Tilley expanded his search among 4-connected triangulations by examining all 30,926 isomorphism classes on 16 vertices and all 158,428 isomorphism classes on 17 vertices. Computation-time limitations meant restricting his search to samples of 100,000 randomly generated non-isomorphic triangulations each for classes on 18,19, and 20 vertices. The expanded search turned up 45 additional Kempe-locked triangulations, but exactly the same results as the original search: each Kempe-locked edge in a triangulation featured an associated Birkhoff diamond.
Where from here?
Tilley’s extensive searches easily confirmed that the Birkhoff diamond is a fundamental Kempe-locking configuration. He has thoroughly tested his conjecture, but it remains unproven. If (or when) Tilley’s conjecture is proved true, i.e., that the Birkhoff diamond alone is the key to 4-colourability, it would be an astounding simplification of the problem: a single configuration that explains it all – mathematical elegance.
Proving the 4-colour conjecture required the efforts of many prominent mathematicians. Tilley’s conjecture that the Birkhoff diamond is the sole fundamental Kempe-locking configuration may be even more difficult to prove. However, the experimental evidence is strong.
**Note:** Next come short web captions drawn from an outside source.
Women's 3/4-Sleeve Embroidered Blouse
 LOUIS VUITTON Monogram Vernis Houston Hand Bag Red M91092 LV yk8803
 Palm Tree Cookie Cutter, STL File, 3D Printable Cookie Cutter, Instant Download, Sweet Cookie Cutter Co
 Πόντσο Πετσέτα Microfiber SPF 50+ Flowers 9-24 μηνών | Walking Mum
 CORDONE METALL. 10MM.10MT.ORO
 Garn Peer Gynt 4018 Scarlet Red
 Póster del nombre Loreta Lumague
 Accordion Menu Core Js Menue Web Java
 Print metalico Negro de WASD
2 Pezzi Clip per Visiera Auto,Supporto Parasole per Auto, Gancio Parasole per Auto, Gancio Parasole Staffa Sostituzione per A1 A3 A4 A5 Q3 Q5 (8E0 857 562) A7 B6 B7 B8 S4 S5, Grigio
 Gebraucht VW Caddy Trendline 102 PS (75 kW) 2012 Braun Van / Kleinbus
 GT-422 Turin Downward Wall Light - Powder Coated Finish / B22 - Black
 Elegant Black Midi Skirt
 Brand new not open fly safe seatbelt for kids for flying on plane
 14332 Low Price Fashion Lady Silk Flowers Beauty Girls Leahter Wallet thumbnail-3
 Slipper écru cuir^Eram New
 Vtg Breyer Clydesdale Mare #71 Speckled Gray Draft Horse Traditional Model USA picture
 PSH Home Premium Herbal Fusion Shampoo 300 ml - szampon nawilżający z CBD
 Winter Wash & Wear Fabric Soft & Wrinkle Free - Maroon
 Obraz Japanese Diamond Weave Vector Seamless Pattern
Theorists might say ‘why bother?’ Tilley’s answer is that insatiable curiosity will win out: “After all, the conjecture is easily stated, understandable, and intriguing, and offers a compelling explanation for why all planar graphs are 4-colourable.”
What initially prompted your enthusiasm for the 4-colour problem and led you to study it so intensely?
<> It was my father’s obsession with the problem in his retirement and his desire to use me as the sounding board for his ideas.
What are your plans for future research in this area?
<> I have recently reviewed a complicated paper involving a wholly different approach to the 4-colour problem. As the paper stands, I believe it has flaws. Yet, it has promise. I might be tempted to explore a collaboration.